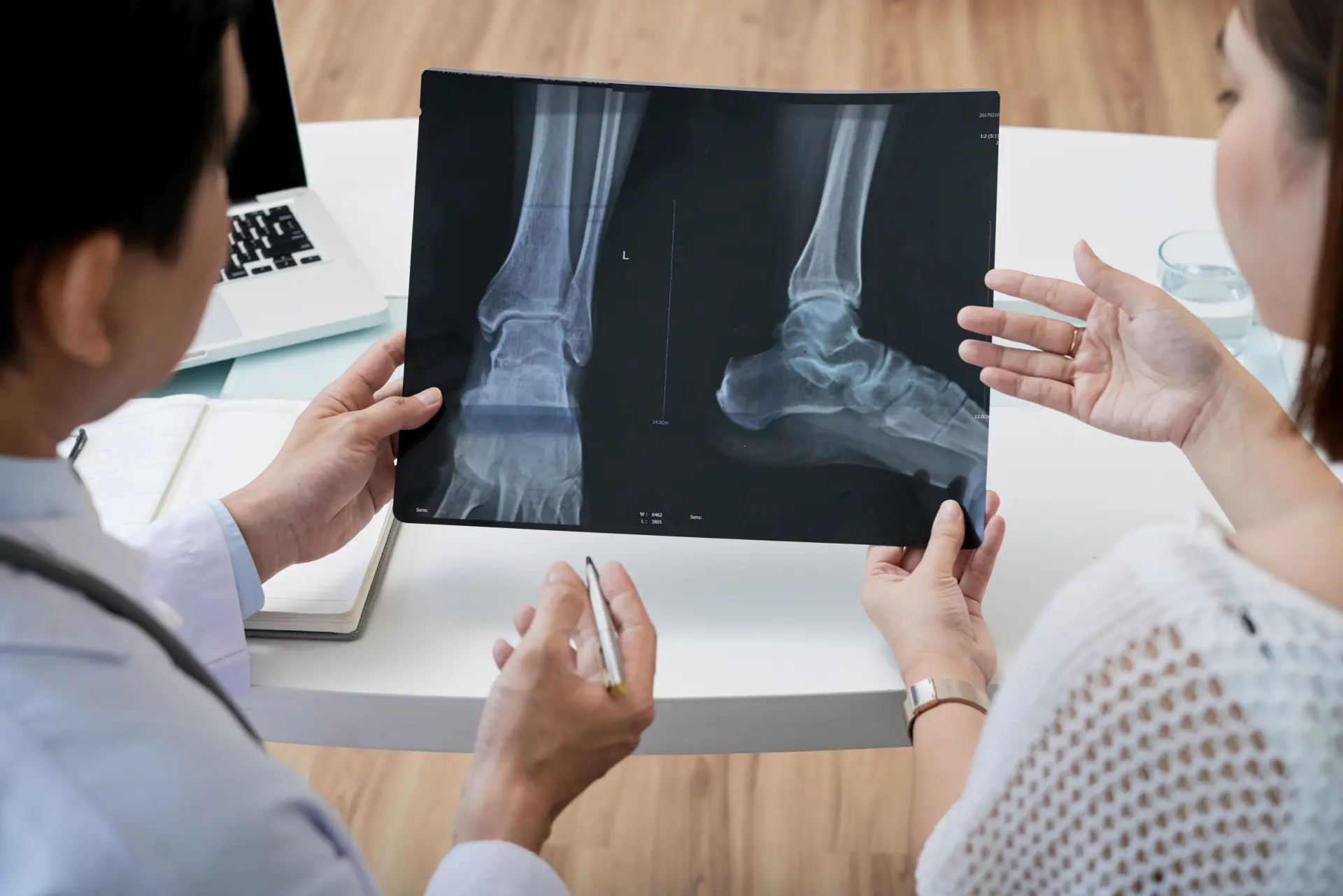 Understanding Foot Fractures: Causes, Symptoms and Treatment Options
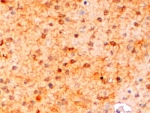 IBA1 Antibody Mouse Brain Immunohistochemistry. IHC staining of FFPE mouse brain with IBA1 antibody at 2ug/ml. HIER: steamed with pH6 citrate buffer, HRP-staining.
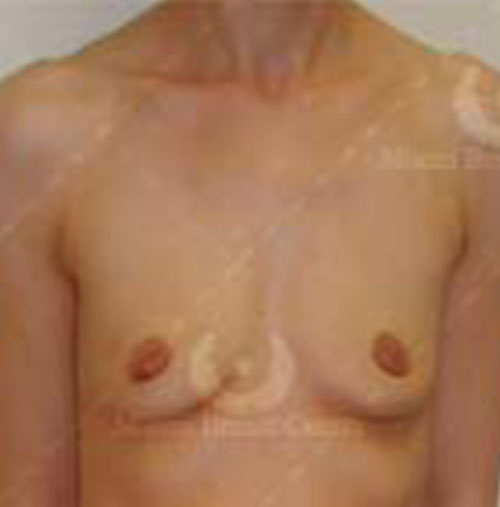 Natural-Breast-Augmentation-Patient-09 | Before Breast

WHAT TO WORK ON: Everything in the listing above is to be given again exactly, apart from the pictures.

ANSWER FOR THIS EXERCISE:
 Understanding Foot Fractures: Causes, Symptoms and Treatment Options
 IBA1 Antibody Mouse Brain Immunohistochemistry. IHC staining of FFPE mouse brain with IBA1 antibody at 2ug/ml. HIER: steamed with pH6 citrate buffer, HRP-staining.
 Natural-Breast-Augmentation-Patient-09 | Before Breast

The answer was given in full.